Jade Marcus Buford (born February 15, 1988) is an American professional racing driver with experience in open-wheel, sports car, and stock car racing. He competes part-time in the NASCAR Xfinity Series, driving the No. 5 Chevrolet Camaro for Big Machine Racing.

Buford has also raced in the Pirelli World Challenge, British GT Championship, GT4 America Series, and ARCA Menards Series, NASCAR Craftsman Truck Series.

Racing career
Buford began his racing career when he was 18 years old, competing in Porsches; he was also an intern at the Porsche Driving School at Barber Motorsports Park. He debuted in Grand-Am's KONI Sports Car Challenge in 2009. He raced for RSR Motorsports in the ST class and shared the No. 196 Mini Cooper S with Owen Trinkler. In 2010, he joined Racers Edge Motorsports in the GS class of the renamed Continental Tire Sports Car Challenge.

He moved to Multimatic Motorsports in 2012, where he shared the No. 71 Aston Martin Vantage with Tonis Kasemets en route to an 11th-place GS finish. The following year, he partnered with Scott Maxwell in Multimatic's No. 55, during which Buford recorded a series-record seven pole positions. The two remained together for 2014. Buford's co-driver in 2015 was 16-year-old Austin Cindric, who described Buford as "someone to lean on" during the early stages of his racing career. The duo recorded a victory at Canadian Tire Motorsport Park.

Buford began competing in the Pirelli World Challenge's GTS class in 2016 with Racers Edge. He swept the Barber Motorsports Park weekend from the pole, followed by a third win at Lime Rock Park after wrecks took out the leaders and a cleanup truck interfered with another.

He ran two Sports Car Challenge races in 2017 with Multimatic. Buford also returned to the Pirelli World Challenge, running in the GTS Pro class with Racers Edge, and won both races at Mosport.

Buford joined PF Racing for the 2018 PWC season. In the GTS SprintX race at Circuit of the Americas, he scored the Mustang GT4's maiden victory when he and Maxwell passed pole sitter Harry Gottsacker during pit stops; Buford explained "some of the cars have outright pace on us, but we just executed the perfect race." Buford recorded a second win that year at Watkins Glen International after beating Ian James to the finish by .208 seconds.
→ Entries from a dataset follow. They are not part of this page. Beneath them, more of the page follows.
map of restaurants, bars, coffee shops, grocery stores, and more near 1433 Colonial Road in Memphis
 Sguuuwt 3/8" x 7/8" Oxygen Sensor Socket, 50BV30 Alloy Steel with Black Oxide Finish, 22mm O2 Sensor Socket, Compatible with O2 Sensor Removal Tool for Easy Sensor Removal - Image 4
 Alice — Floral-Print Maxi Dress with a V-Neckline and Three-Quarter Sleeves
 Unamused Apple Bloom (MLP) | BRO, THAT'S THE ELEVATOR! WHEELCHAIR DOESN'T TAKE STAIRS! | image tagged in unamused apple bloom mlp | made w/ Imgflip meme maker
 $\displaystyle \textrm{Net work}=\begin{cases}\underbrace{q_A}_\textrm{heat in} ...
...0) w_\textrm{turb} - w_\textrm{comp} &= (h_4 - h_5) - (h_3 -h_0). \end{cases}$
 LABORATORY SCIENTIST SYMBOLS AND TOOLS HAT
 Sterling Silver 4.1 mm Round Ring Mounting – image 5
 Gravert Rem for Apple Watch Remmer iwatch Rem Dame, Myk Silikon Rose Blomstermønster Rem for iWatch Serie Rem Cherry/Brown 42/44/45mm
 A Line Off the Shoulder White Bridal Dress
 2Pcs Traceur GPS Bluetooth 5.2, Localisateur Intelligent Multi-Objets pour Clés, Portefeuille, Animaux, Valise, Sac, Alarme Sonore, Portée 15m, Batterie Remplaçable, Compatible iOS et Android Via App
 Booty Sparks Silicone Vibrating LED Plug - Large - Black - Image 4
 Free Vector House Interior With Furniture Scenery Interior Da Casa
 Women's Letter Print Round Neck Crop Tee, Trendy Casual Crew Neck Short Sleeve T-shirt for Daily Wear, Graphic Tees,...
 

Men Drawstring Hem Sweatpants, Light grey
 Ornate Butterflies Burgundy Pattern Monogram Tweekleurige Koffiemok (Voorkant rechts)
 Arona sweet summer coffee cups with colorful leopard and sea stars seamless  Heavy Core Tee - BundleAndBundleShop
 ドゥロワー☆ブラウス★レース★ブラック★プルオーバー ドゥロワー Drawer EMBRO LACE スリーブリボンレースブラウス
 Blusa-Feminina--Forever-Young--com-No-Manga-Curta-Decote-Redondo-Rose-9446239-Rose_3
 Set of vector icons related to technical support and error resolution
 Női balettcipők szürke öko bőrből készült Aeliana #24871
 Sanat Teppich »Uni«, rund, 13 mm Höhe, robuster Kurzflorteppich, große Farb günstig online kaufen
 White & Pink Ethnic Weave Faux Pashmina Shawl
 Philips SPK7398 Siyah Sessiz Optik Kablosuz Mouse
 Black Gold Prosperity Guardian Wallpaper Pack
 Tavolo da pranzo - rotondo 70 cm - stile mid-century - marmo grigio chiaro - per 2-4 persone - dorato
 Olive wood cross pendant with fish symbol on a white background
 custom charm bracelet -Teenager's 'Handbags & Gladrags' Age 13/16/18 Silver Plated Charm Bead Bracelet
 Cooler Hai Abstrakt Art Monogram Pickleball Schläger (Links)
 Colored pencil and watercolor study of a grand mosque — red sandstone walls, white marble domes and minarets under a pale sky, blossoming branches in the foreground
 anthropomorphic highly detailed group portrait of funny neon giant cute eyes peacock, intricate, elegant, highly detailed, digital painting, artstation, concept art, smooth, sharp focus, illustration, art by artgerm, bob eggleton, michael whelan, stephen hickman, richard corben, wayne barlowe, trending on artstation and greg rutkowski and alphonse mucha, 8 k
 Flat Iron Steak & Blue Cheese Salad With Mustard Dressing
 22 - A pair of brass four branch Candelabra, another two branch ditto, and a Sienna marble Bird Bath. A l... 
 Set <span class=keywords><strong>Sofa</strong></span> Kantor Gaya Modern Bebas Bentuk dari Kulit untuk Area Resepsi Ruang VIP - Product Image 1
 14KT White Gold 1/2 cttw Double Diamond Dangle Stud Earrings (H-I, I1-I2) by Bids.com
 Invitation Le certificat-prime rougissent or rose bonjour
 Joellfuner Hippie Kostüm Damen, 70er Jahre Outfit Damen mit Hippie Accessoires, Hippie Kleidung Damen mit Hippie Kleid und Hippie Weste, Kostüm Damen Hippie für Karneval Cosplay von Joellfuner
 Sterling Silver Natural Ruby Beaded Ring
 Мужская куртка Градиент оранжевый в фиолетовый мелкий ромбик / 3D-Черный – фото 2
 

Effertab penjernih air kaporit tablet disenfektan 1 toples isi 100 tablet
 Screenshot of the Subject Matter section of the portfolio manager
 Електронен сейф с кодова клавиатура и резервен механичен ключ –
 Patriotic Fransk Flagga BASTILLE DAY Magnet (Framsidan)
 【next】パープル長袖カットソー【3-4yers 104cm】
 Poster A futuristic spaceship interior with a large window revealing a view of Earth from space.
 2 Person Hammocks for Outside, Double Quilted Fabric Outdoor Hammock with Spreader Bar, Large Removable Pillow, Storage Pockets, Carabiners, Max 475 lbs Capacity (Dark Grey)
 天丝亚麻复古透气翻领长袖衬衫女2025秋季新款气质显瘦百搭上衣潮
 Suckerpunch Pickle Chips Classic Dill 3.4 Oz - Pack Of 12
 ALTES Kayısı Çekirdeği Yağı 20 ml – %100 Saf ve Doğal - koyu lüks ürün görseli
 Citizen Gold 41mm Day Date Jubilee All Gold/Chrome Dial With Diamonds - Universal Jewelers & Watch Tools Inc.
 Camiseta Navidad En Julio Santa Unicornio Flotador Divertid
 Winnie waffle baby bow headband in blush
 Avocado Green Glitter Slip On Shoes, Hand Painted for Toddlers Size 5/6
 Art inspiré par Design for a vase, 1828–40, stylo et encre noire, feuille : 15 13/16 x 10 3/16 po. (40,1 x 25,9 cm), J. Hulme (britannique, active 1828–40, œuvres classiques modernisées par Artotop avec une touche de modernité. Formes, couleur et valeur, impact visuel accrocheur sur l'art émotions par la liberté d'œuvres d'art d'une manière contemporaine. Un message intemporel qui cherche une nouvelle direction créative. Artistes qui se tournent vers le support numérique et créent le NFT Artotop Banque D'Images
In 2019, Buford ran the full Michelin Pilot Challenge schedule with PF Racing, finishing 11th in the standings. He also began racing in the British GT Championship's Silver Cup for Multimatic alongside fellow American Chad McCumbee.

For the 2020 MPC season, Buford shared PF's No. 40 with James Pesek and Shane Lewis. In June, he dabbled in stock car racing when he joined SS-Green Light Racing to drive their No. 07 NASCAR Xfinity Series car in the Pennzoil 150 at the Indianapolis Motor Speedway road course. After starting 17th, Buford finished 14th in the event. Buford would make his second NASCAR start at Road America in the No. 6 for JD Motorsports, replacing the car's usual driver, B. J. McLeod.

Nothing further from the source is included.